▶ EXERCISE DIRECTIONS
Using the data below, print exactly the line with "Graphical abstract: Candle", the line with "dibenzo(ah)an tracen (PM10)", and every line between them, but none of the pictures.

▶ SUPPLIED RECORDS
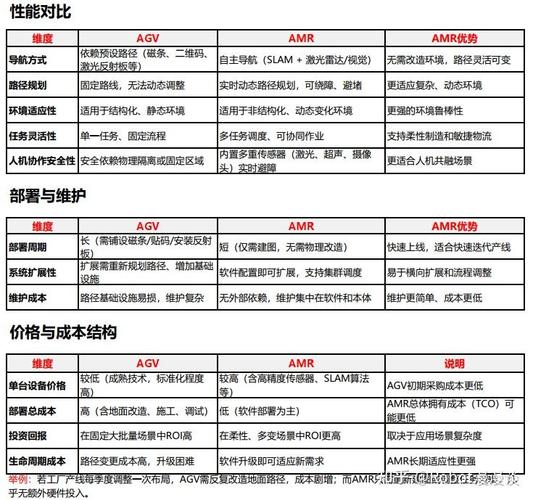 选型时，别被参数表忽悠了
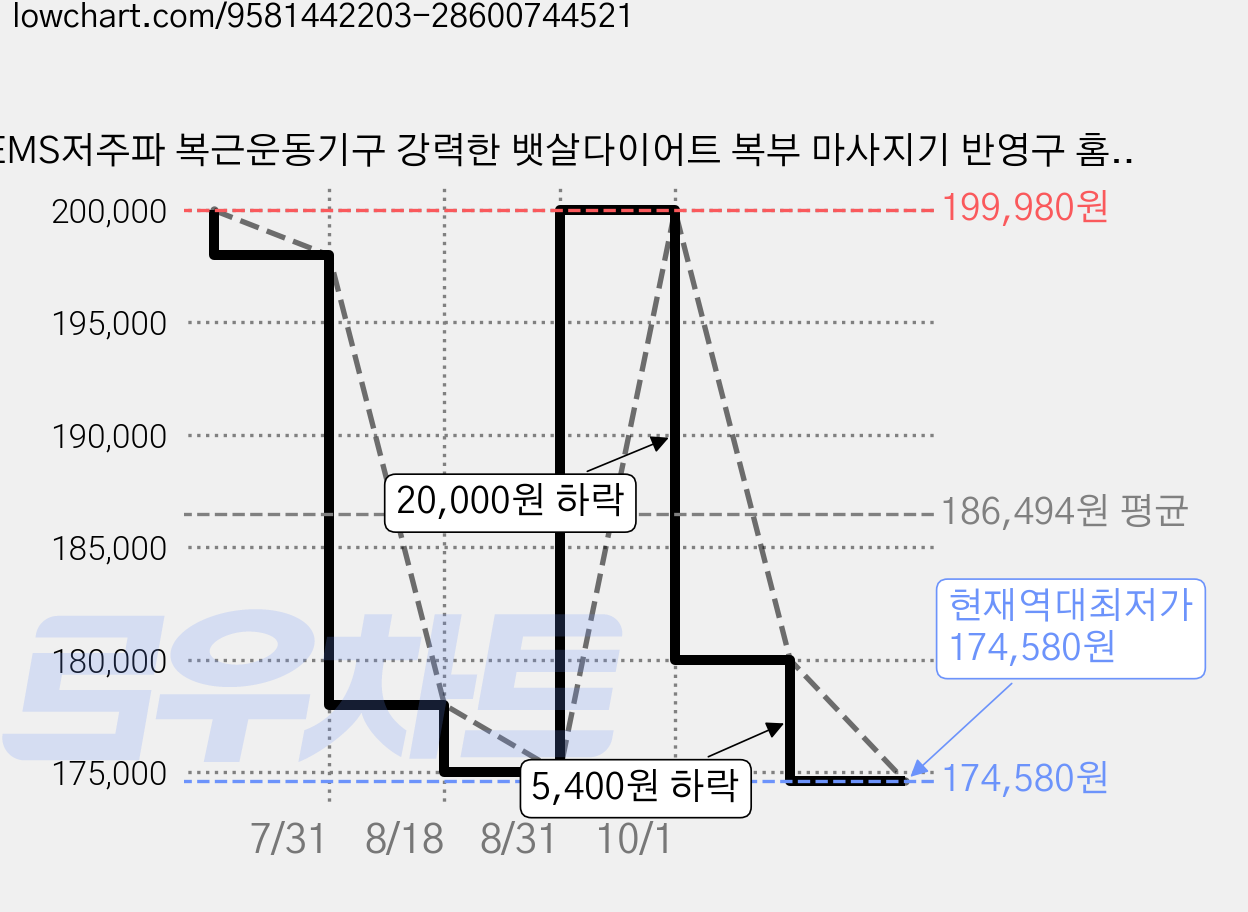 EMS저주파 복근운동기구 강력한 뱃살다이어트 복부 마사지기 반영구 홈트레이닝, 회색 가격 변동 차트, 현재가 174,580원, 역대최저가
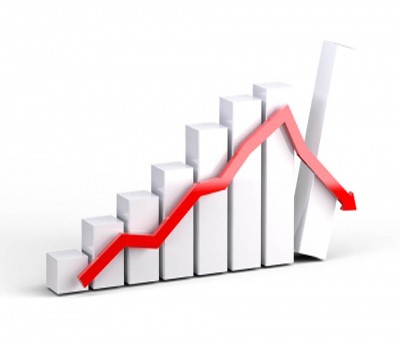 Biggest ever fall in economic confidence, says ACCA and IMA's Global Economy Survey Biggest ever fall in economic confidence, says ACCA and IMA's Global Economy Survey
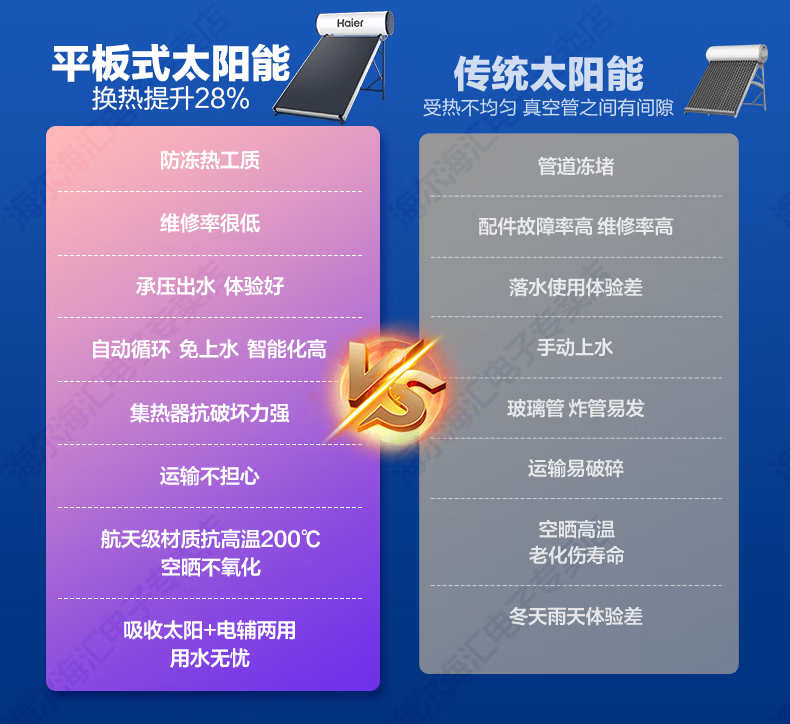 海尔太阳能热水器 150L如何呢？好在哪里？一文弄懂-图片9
...
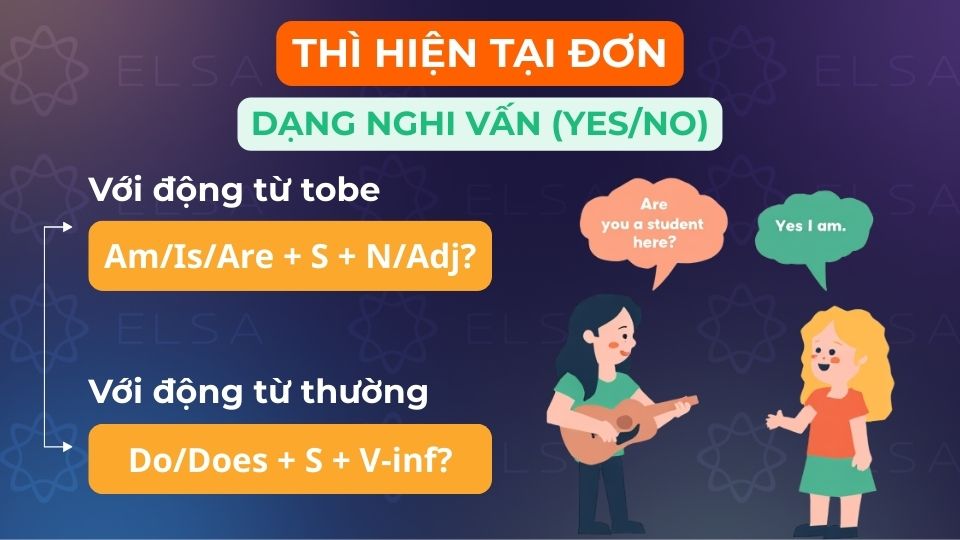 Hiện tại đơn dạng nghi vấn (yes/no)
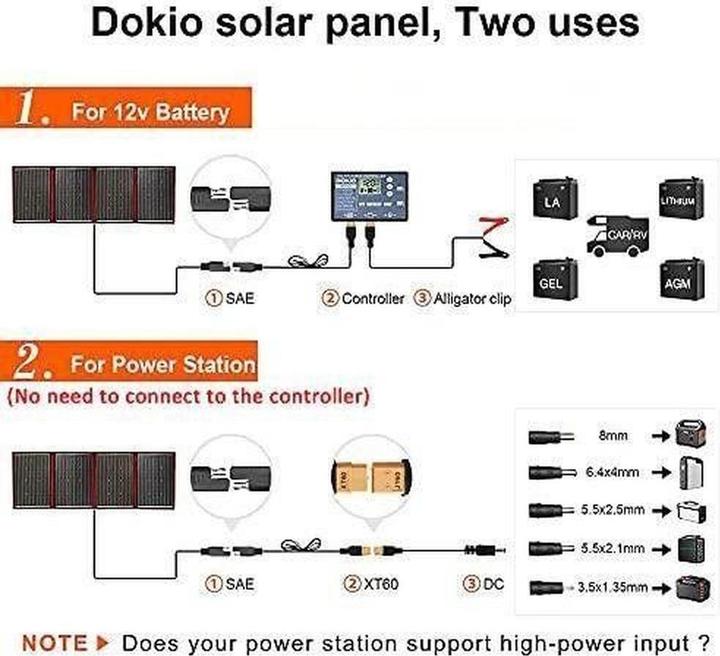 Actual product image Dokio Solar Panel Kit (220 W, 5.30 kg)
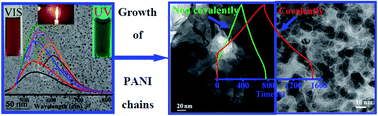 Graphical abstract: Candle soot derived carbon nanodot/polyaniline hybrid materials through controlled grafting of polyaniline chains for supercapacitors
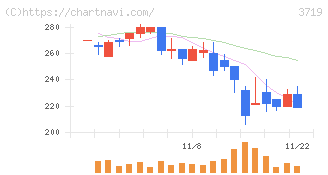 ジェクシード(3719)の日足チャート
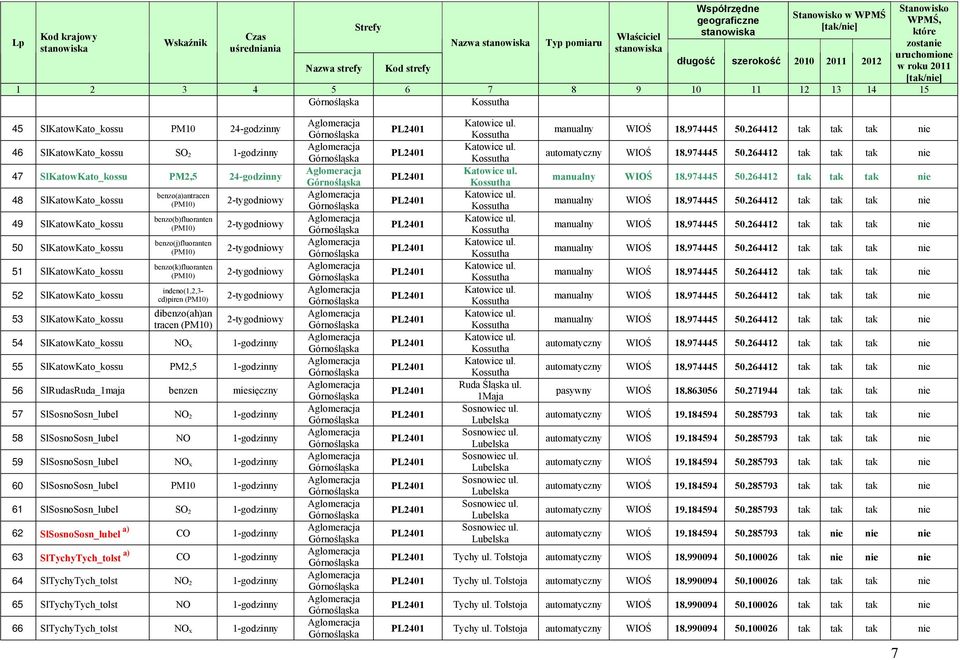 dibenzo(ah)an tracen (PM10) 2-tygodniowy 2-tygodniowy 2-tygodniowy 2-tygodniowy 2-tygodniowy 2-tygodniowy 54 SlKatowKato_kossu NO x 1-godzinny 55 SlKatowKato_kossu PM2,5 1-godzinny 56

▶ TASK OUTPUT
 Graphical abstract: Candle soot derived carbon nanodot/polyaniline hybrid materials through controlled grafting of polyaniline chains for supercapacitors
 ジェクシード(3719)の日足チャート
 dibenzo(ah)an tracen (PM10) 2-tygodniowy 2-tygodniowy 2-tygodniowy 2-tygodniowy 2-tygodniowy 2-tygodniowy 54 SlKatowKato_kossu NO x 1-godzinny 55 SlKatowKato_kossu PM2,5 1-godzinny 56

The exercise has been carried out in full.